De overige aanvragers bijzondere bijstand
3.4.
De bekendheid met de bijzondere bijstand
De mogelijkheden van de vergoeding van bepaalde
kosten via de bijzondere bijstand komt altijd bij elk klantencontact met
medewerkers van de sector WIZ (intake, heronderzoek etc.) aan de orde. Ook is
bij de sector WIZ schriftelijke informatie verkrijgbaar over de mogelijkheden
van bijzondere bijstand.
Verder worden nieuwe regelingen op verschillende
manieren onder de aandacht gebracht. Zo wordt gebruik gemaakt van mailings en
posters.

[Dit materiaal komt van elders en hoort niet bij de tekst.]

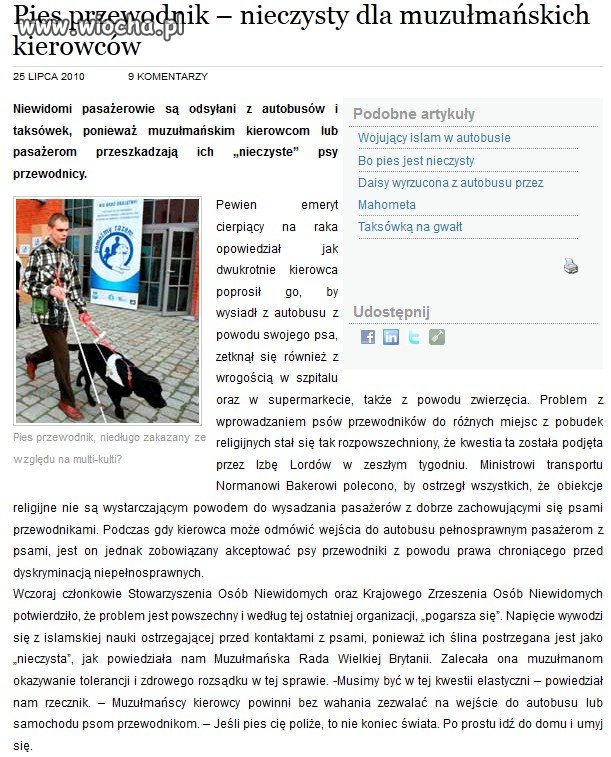 Zakaz wstępu do autobusu z psem przewodnikiem.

Nieuwe regelingen worden ook via de lokale media onder de aandacht
gebracht.
In het vorig jaar gehouden
Klanttevredenheidsonderzoek was de bekendheid met de bijzondere bijstand geen
onderwerp. Het verdient aanbeveling om in een komend tevredenheidsonderzoek
onderzoek te doen naar de bekendheid van de bijzondere bijstand. Als uit dit
onderzoek naar voren komt dat de bijzondere bijstand onvoldoende bekend is, zal
bezien moeten worden of, en in welke vorm, meer bekendheid gegeven kan worden
aan de bijzondere bijstand.
3.5.
De gebruikers van de bijzondere bijstand
Voor de algemene bijstand is de afgelopen jaren een
project afgerond om de managementinformatie over de gebruikers van de algemene
bijstand (en IOAW/Z) te verbeteren. Soortgelijke informatie over de gebruikers
van de bijzondere bijstand is op dit moment niet beschikbaar. Zo kan op dit
moment geen goede analyse gemaakt naar specifieke kenmerken van de gebruikers,
zoals de bron van inkomen, (wel of geen periodieke uitkering), leeftijd,
huishoudtype etc.
Wel is uit ervaring bekend dat het grootste deel
van de ontvangers van bijzondere bijstand ook een uitkering levensonderhoud van
de gemeente ontvangen. In eerdere rapportages werd aangegeven dat dit geschat
wordt op 75% tot 80%.
Er wordt nu een start gemaakt om deze gegevens op
dezelfde wijze als die van de algemene bijstand via de sociale database te
presenteren. Dit is voor de komende
periode een actiepunt.
In totaal moeten deze actiepunten
(doelgroeponderzoek, verbetering registratie van gebruikers, meten van de
bekendheid van de bijzondere bijstand) moeten leiden tot meer inzicht in het gebruik
en het niet-gebruik van de bijzondere bijstand. Met de hieruit verkregen
inzichten kan het bijzondere bijstandsbeleid voor de komende jaren beter
gestuurd worden.
De uitkomsten hiervan zijn ook van belang voor de
verdere ontwikkeling van andere gemeentelijk instrumenten op het gebied van
inkomensondersteuning. Zo kunnen de gegevens uit dit onderzoek ook gebruikt
worden voor de verdere ontwikkeling van het project DUIT, het sportfonds en de
collectieve verzekering (AV-Delft).
4.
Evaluatie bijzondere bijstand over de periode 1996 tot en met 2000
4.1.
Het aantal verstrekkingen bijzondere bijstand.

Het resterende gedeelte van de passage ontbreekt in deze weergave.